● What the task requires
Write each line below back out exactly, omitting its pictures.

Start of Records for processing

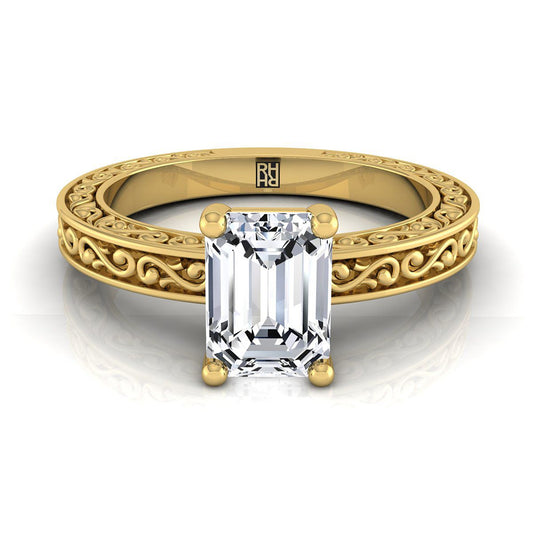 18K Yellow Gold Emerald Cut Hand Engraved Scroll Vintage Solitaire Engagement Ring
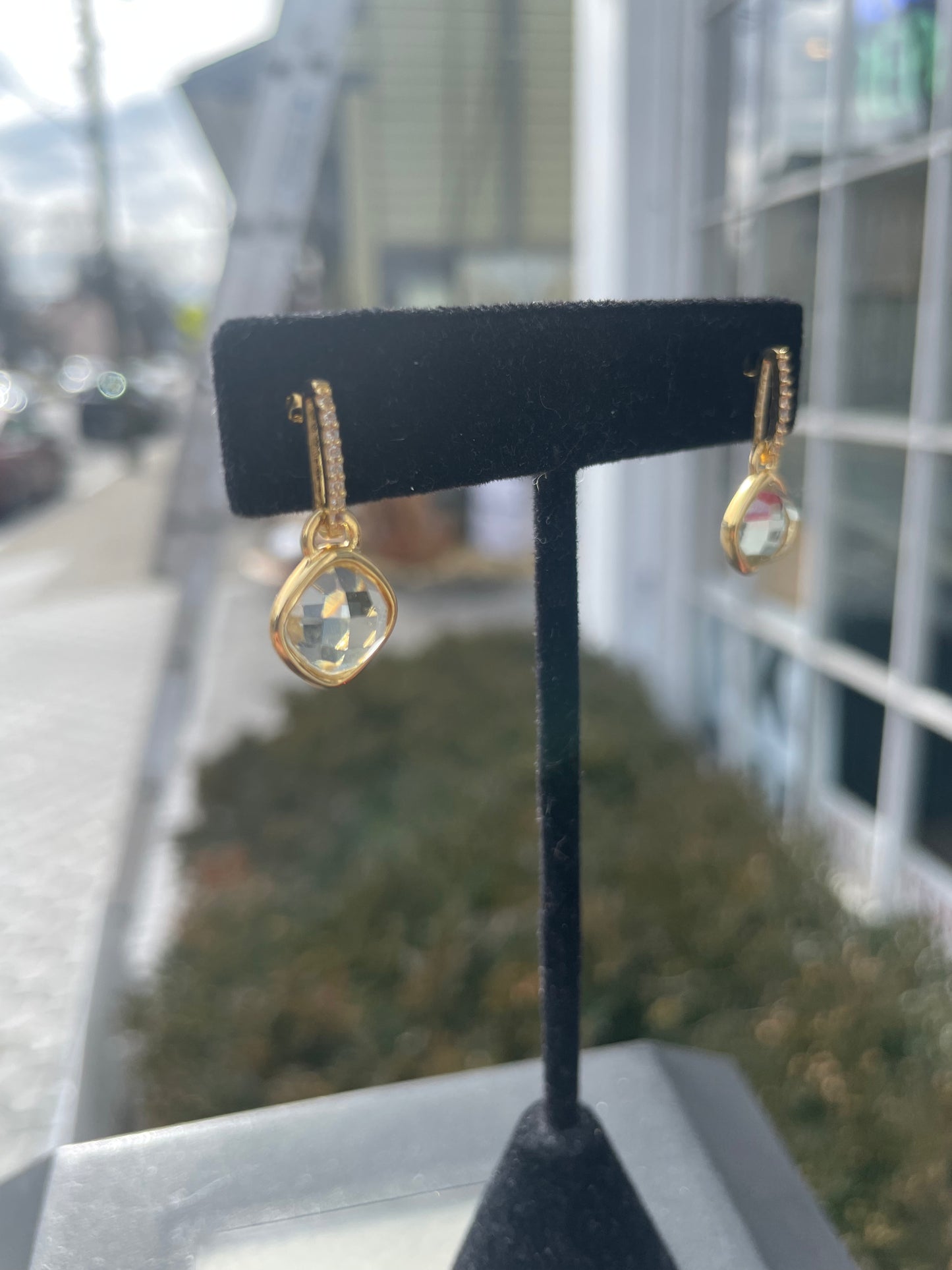 925 Sterling Silver Vermeil Praisolite Drop Earrings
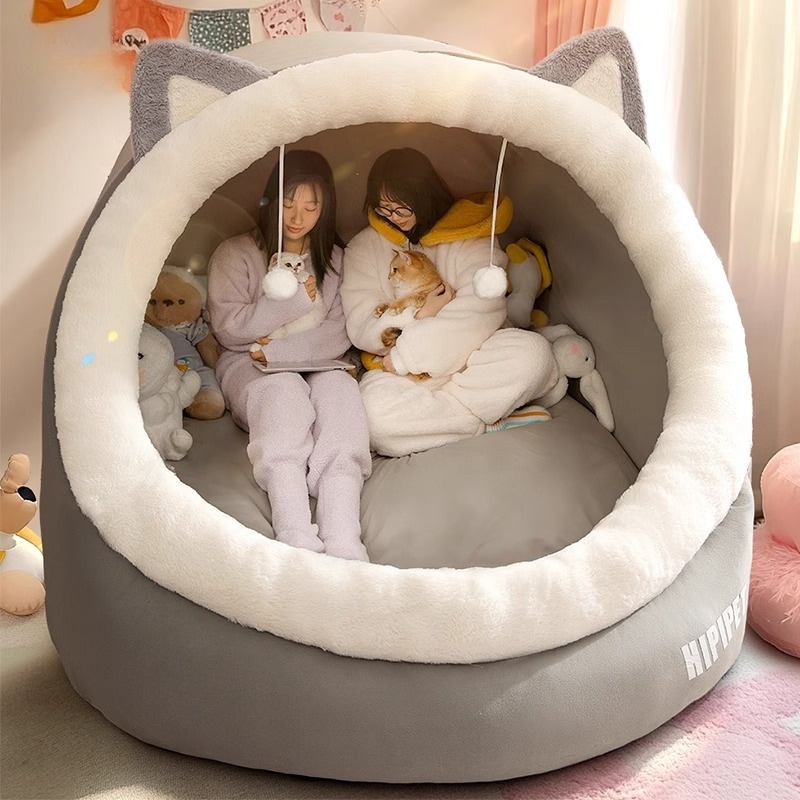かわいい人間用猫用ベッド特大冬用暖かい巨大犬用ベッドは大人が眠るためにソファーで寝たり横になったりできます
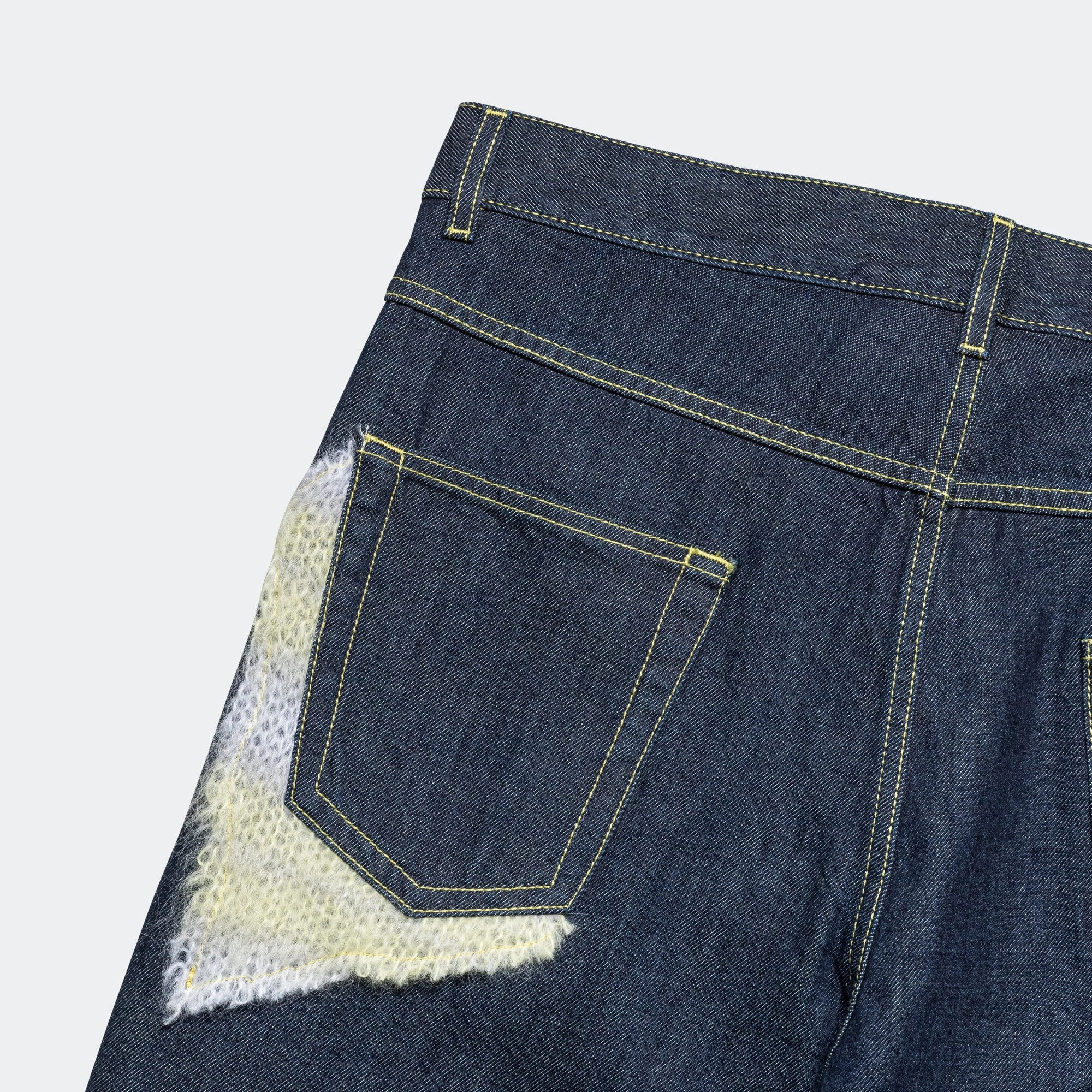 Mohair Patch Denim Jeans - Indigo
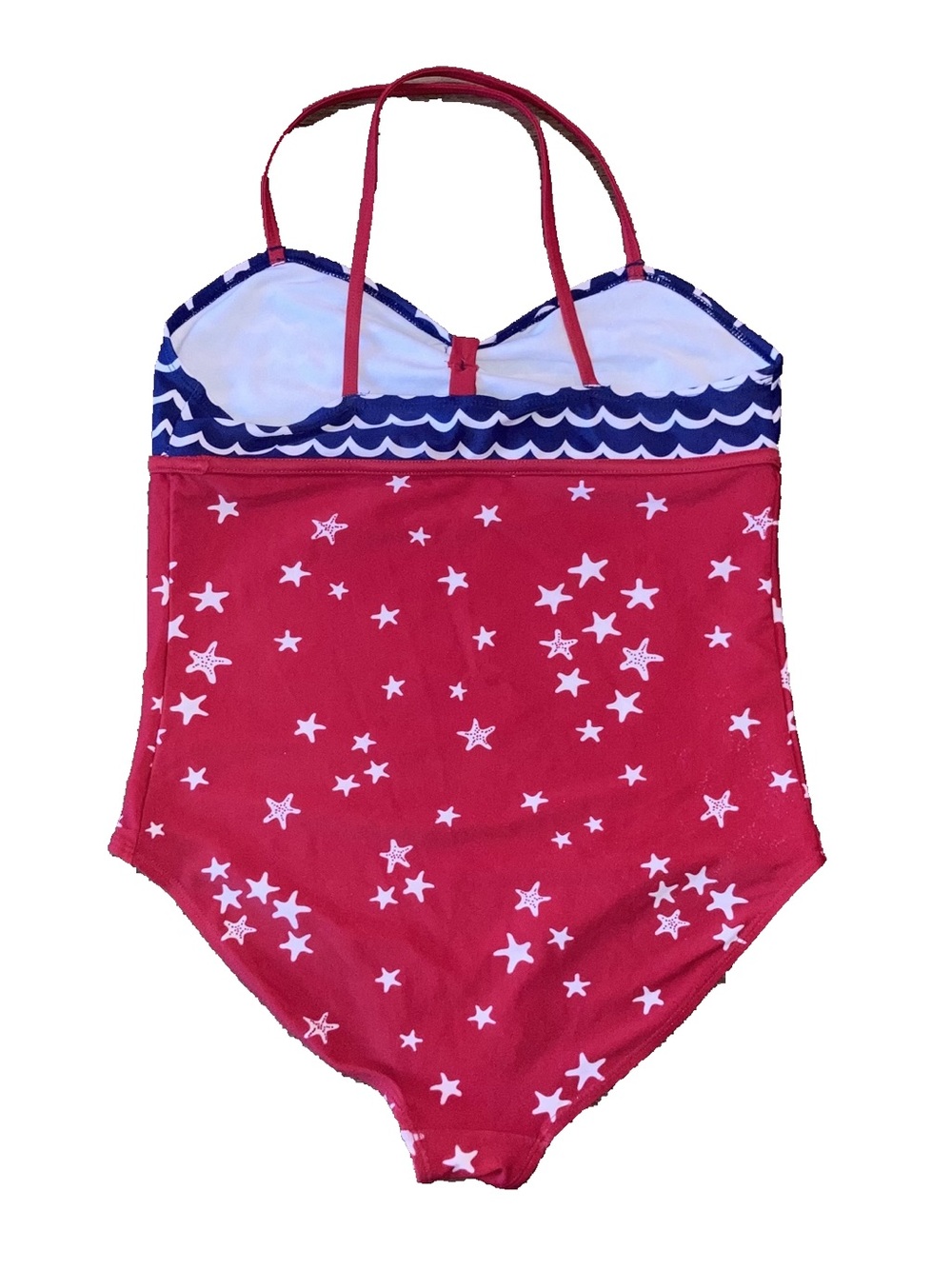 Joe Boxer Red One-Piece Swimsuit with Navy Wave Bust - Picture 2 of 3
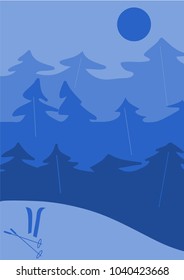 Blue background for any lettering. Winter forest, moon and skiing.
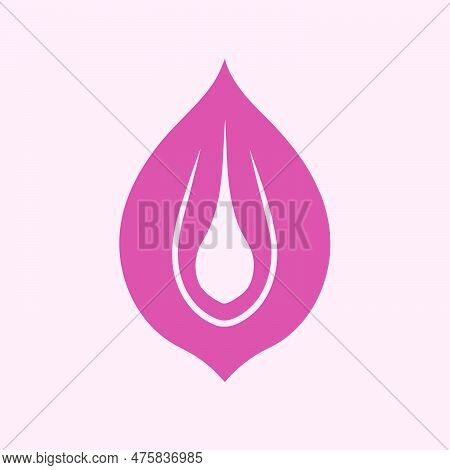 Female Vulva Icon Logo For Gynecological Health Theme Minimal Vector Illustration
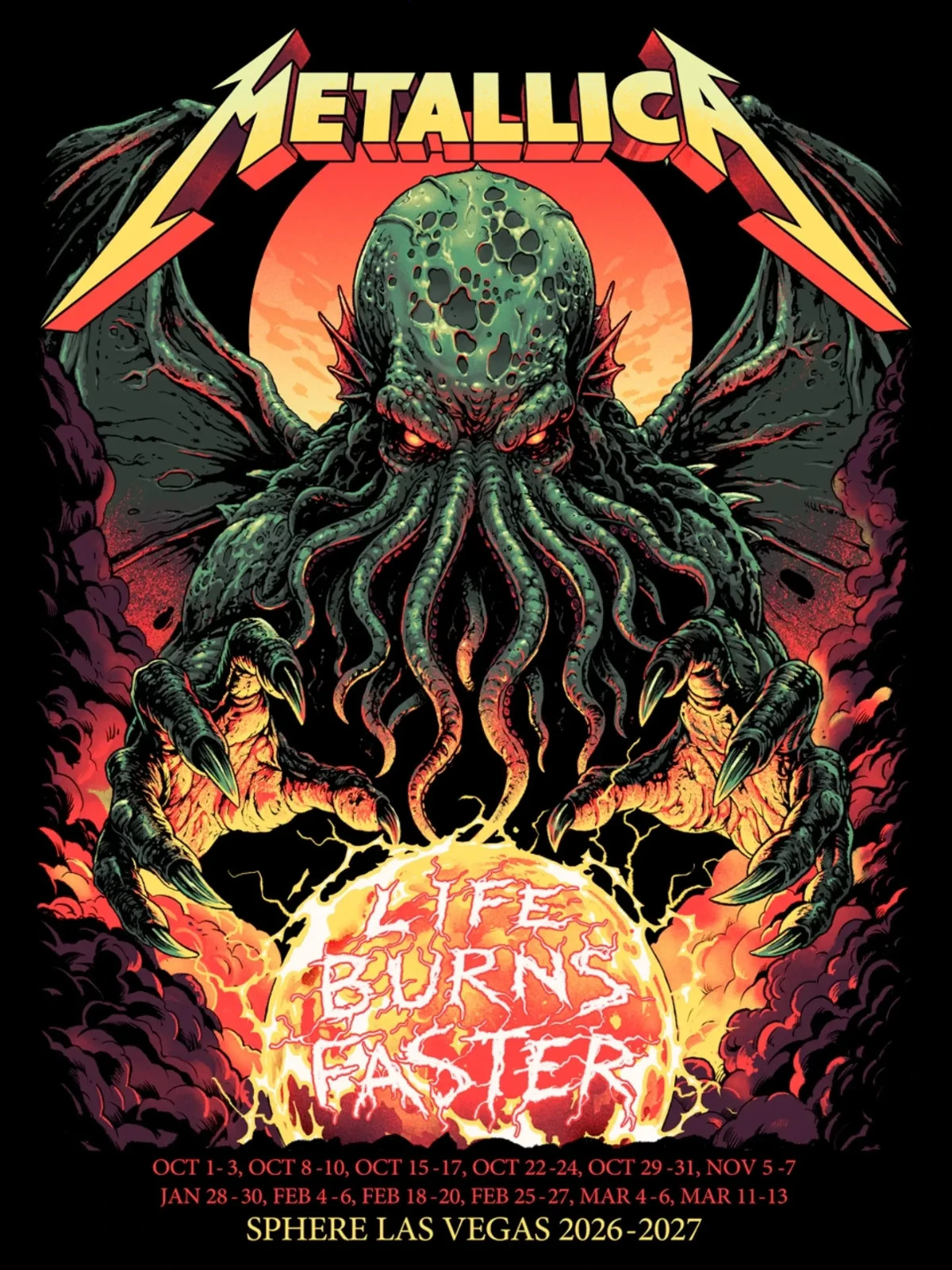 Metallica Life Burns Faster Sphere Las Vegas 2026-2027 Poster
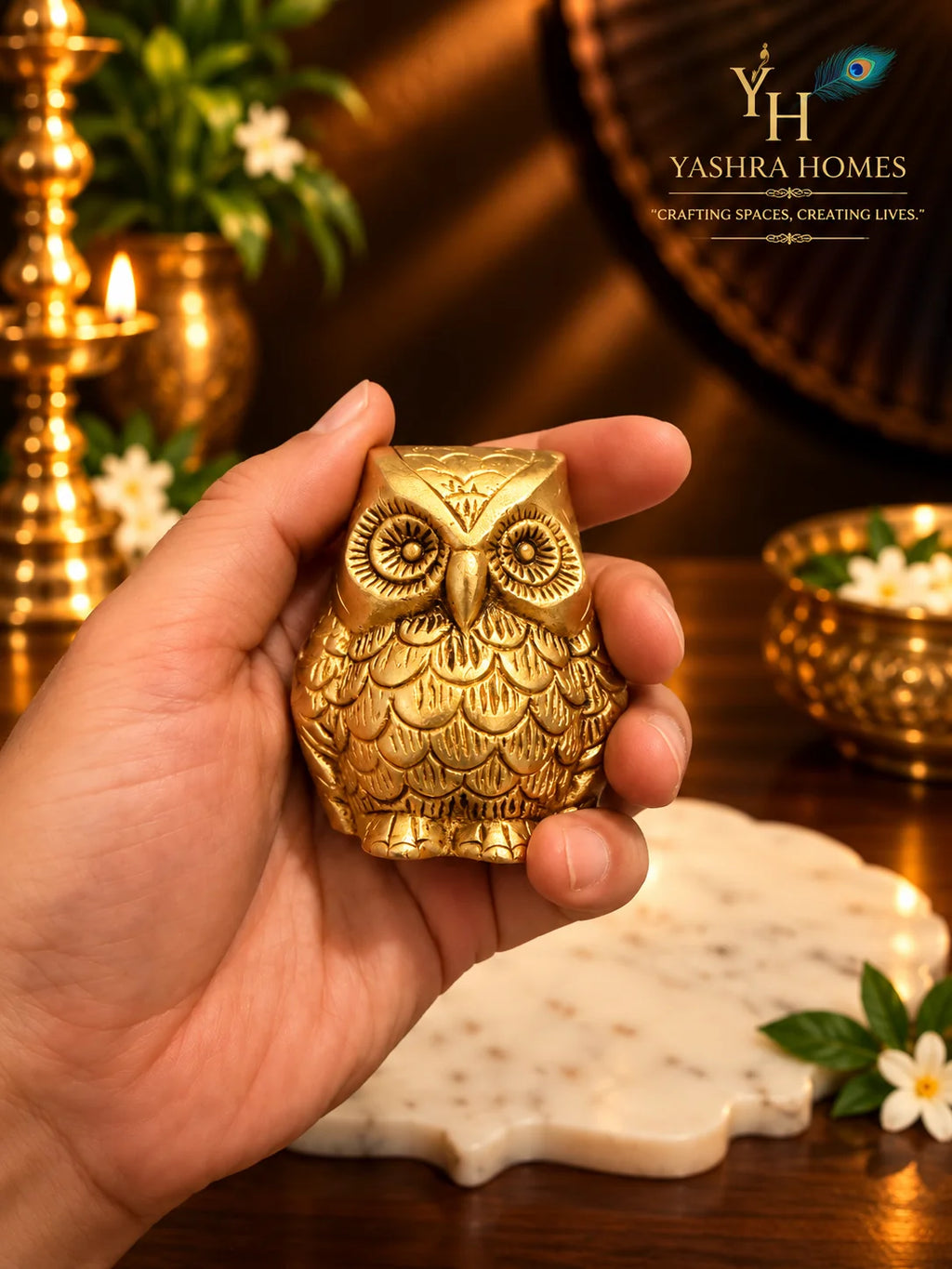 Brass Owl – 2.5 Inch | Handcrafted Symbol of Wisdom & Prosperity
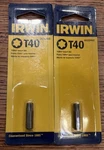 Irwin Steel T40 Torx Insert Bit 1" 3513361C Lot Of 2 Factory Sealed. Fixed Price $9.99.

End of Records for processing

● Worked solution
 18K Yellow Gold Emerald Cut Hand Engraved Scroll Vintage Solitaire Engagement Ring
 925 Sterling Silver Vermeil Praisolite Drop Earrings
かわいい人間用猫用ベッド特大冬用暖かい巨大犬用ベッドは大人が眠るためにソファーで寝たり横になったりできます
 Mohair Patch Denim Jeans - Indigo
 Joe Boxer Red One-Piece Swimsuit with Navy Wave Bust - Picture 2 of 3
 Blue background for any lettering. Winter forest, moon and skiing.
 Female Vulva Icon Logo For Gynecological Health Theme Minimal Vector Illustration
 Metallica Life Burns Faster Sphere Las Vegas 2026-2027 Poster
 Brass Owl – 2.5 Inch | Handcrafted Symbol of Wisdom & Prosperity
 Irwin Steel T40 Torx Insert Bit 1" 3513361C Lot Of 2 Factory Sealed. Fixed Price $9.99.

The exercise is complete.